Page MenuHomePhabricator

Set a hard byte or character limit for queries
Closed, ResolvedPublic

Description

We're currently seeing some incredibly long queries that are impractical to test and run. Find out an appropriate maximum query length and configure cirrus/mediawiki to reject or truncate queries longer than that.

There are two main reasons to limit the maximum query length:

  1. Manual analysis of the queries above a length of a few hundred characters shows almost all of them to be meaningless gibberish. Limiting that improves the quality of our statistics.
  2. Longer queries have a much larger impact on performance. Limiting them improves performance, with little downside considering point 1 about many of them being gibberish.

Many search engines, such as Google, implement extremely aggressive maximum query lengths for the above reasons.

Event Timeline

Ironholds claimed this task.
Ironholds raised the priority of this task from to Needs Triage.
Ironholds updated the task description. (Show Details)
Ironholds subscribed.

@TJones What's your recommendation for the maximum query length here?

Deskana triaged this task as Medium priority.Aug 6 2015, 4:43 PM

FWIW, I tried a query of of 461 words in Google, and I got a 400 bad request.

Deskana set Security to None.

Everything over 200 characters in my zero-results sample is crap, but I need to check for queries that get results and see if any of them are that long.

TL;DR:
Generous: 256 characters or 400 bytes
Strict: 200 characters or 300 bytes

Is this for enwiki, or all wikis? Is it bytes or unicode characters? The reason I ask is that counting bytes is a little rough on non-ASCII character sets (particularly Thai).

If it's all wikis and bytes, 500 is a very generous cutoff. 300 would be a bit aggressive.

If it's all wikis and characters, 300 is reasonable and 256 is aesthetically and computationally pleasing.

The first things I see that look like real queries are around 550 and 275 characters: One is 28 intitle: clauses (557 characters), and the other is 10 phrases OR'd together (273 characters). There are shorter |'d searches in Thai that are fewer characters but lots of bytes.

Pretty much everything over 200 characters is crap, and everything over 100 characters is crap except for these multi-phrase advanced queries.
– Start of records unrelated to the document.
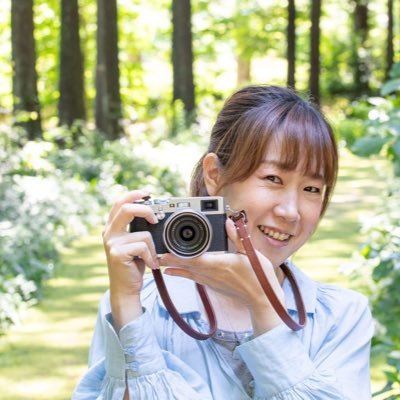 こんにちは! 静岡県沼津市にあるイワサキスタジオです!中小企業、各種団体の皆様の販促に関するお手伝いをさせて頂いています。 チラシ、パンフレット、写真撮影、動画制作、イベント運営、配信などお任せください。Instagram → https://t.co/ZYiIZzHCLC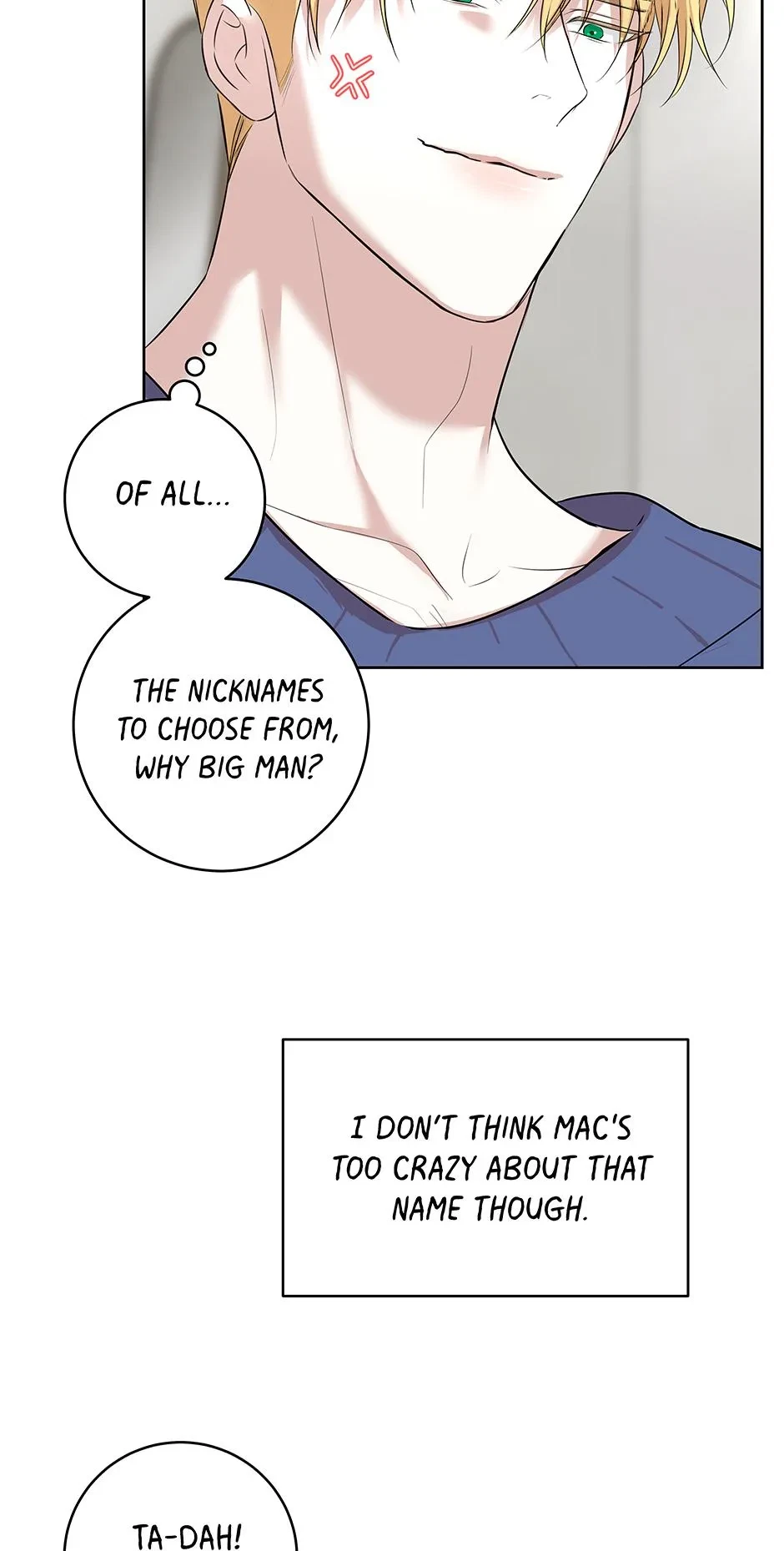 Chapter 26, page 7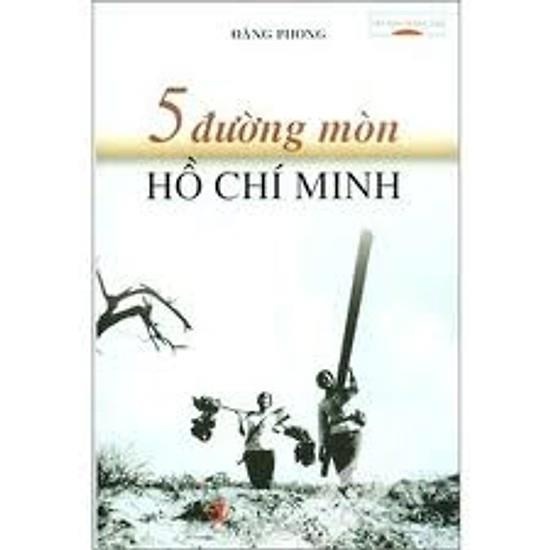 Duong Truong Son,  Doan 559,  duong mon Ho Chi Minh,  B-52 anh 1
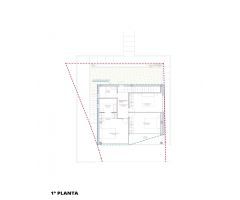 Chalet en Venta en Pilar de la Horadada, Alicante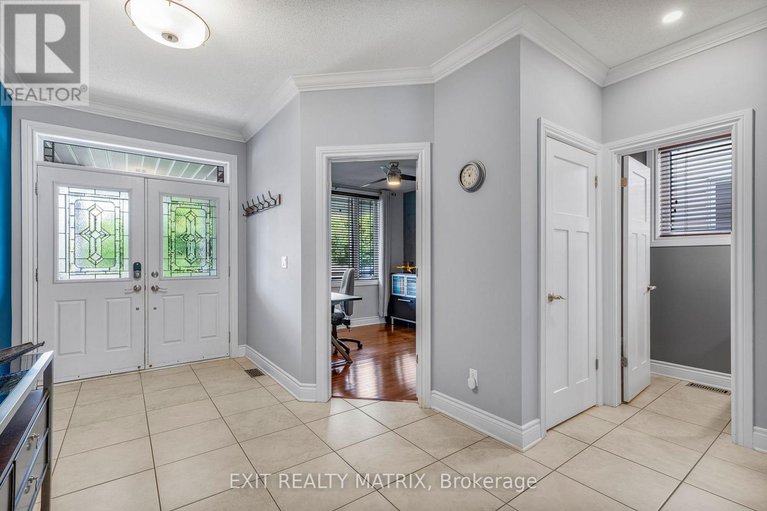 28788160/352-oakcrest-way/avalon-east/ottawa/ontario/K4A0S5_3
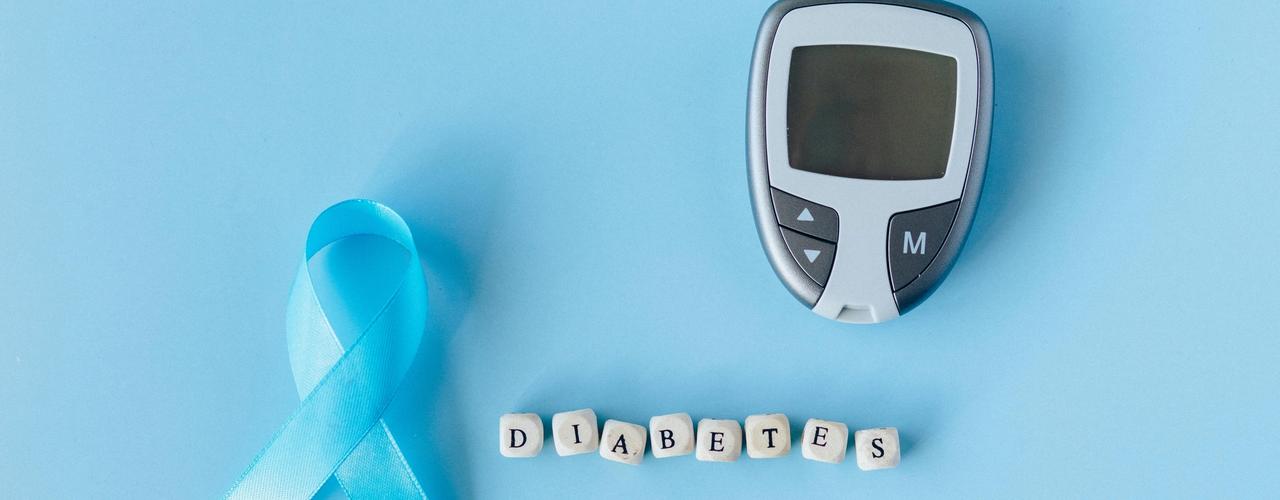 Relationship Between Tobacco Use and Type 2 Diabetes - KEA HEALTH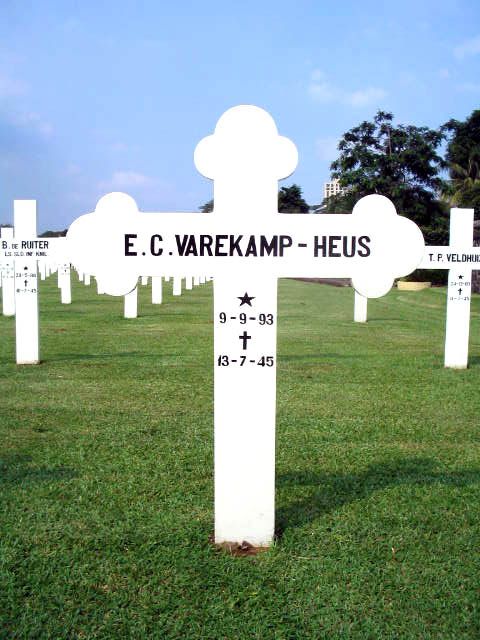 varekamp.heus.e.c.2005.jpg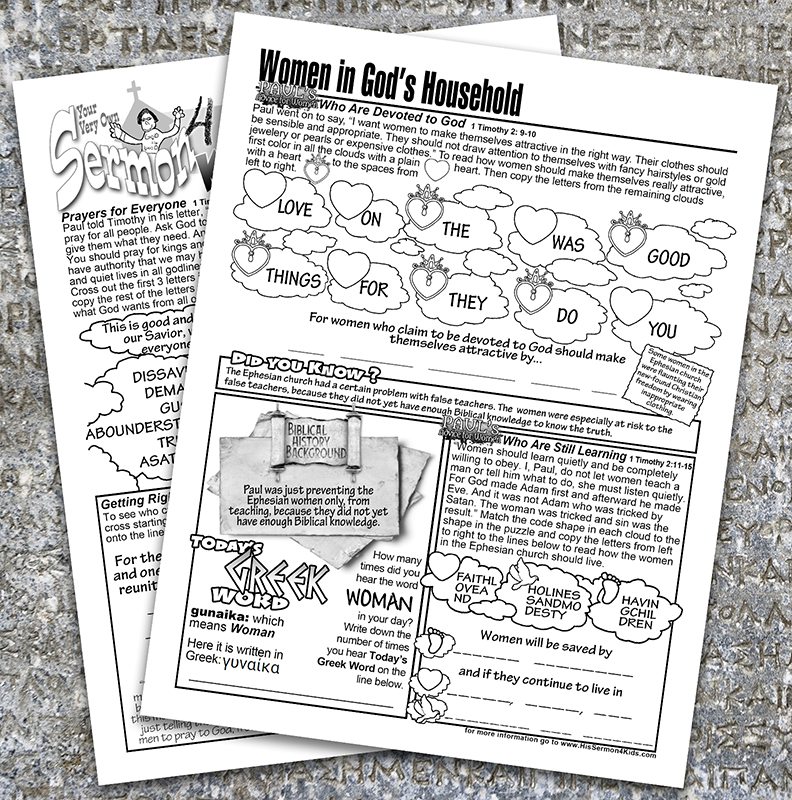 1-timothy-2-1-15-instructions-on-worship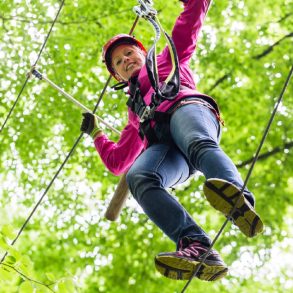 VRNMB-The-4-Best-Rope-Courses-On-The-Grand-Strand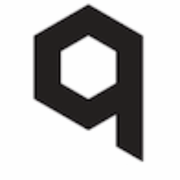 Quub logo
Can we distinguish advanced queries (intitle:, OR, etc)?

The longest prefix search is 256 bytes. That doesn't seem random.

If we want try being very strict, limit to 256 bytes, and see who complains.

Change 230646 had a related patch set uploaded (by Tjones):
Set hard character limit for searchText queries

https://gerrit.wikimedia.org/r/230646

Considering that the maximum legal title is 256 bytes (IIRC) and that one can combine prefix and incategory operators each with an argument approaching that limit, perhaps 300 is a bit little.

Considering that the maximum legal title is 256 bytes (IIRC) and that one can combine prefix and incategory operators each with an argument approaching that limit, perhaps 300 is a bit little.

Given that we looked at the queries that users are actually running, and found almost no such queries of such length, this would seem to be more of a theoretical problem than a practical one.

I've re-checked my sample. I found 72,261 examples of 150+ byte searches in one day's logs.

When I limited it by characters (i.e., 150+ characters), it dropped to 49,077 examples.

There is one intitle: search over 300 characters (557 characters).

There are nineteen distinct incategory: searches over 300 characters (378-576 characters): 16 are variations on 4 basic searches.

There are five distinct prefix: search over 300 bytes (395-671 characters): 3 are variations on each other.

There are no additional well-formed queries over 300 characters with AND or OR in them.

Below is a table with the number of queries we'd be excluding per day for a given length limit. So, there are 7,463 queries that are 301 characters or longer.

300: 7463
400: 5241
500: 4020
600: 3142
700: 2478
800: 2025
900: 1590
1000: 1330

Increasing the limit to, say, 600, would allow us to pick up 17 of the 25 special search syntax queries at the cost of processing an additional 4000+ queries of length 300-600 characters.

Change 230646 merged by jenkins-bot:
Set hard character limit for searchText queries

https://gerrit.wikimedia.org/r/230646

Hi there,

we at Wikimedia Germany developed a gadget [1] for our community allowing users to do subcategory searches. Meaning you can search for sites in categories and there subcategories with the help of CatGraph. The gadget works as follows:

We parse the search string with the keyword e.g. deepcat:Music Berlin run a JSONP request to get subcategories of Music from CatGraph and exchange the term deepcat:Music with inctegory:id:235486|id:235470|id:260000|id:273452|id:333958... as you can see the whole search term gets quite long that way. The limit would reduce the actual number of subcategories immensely.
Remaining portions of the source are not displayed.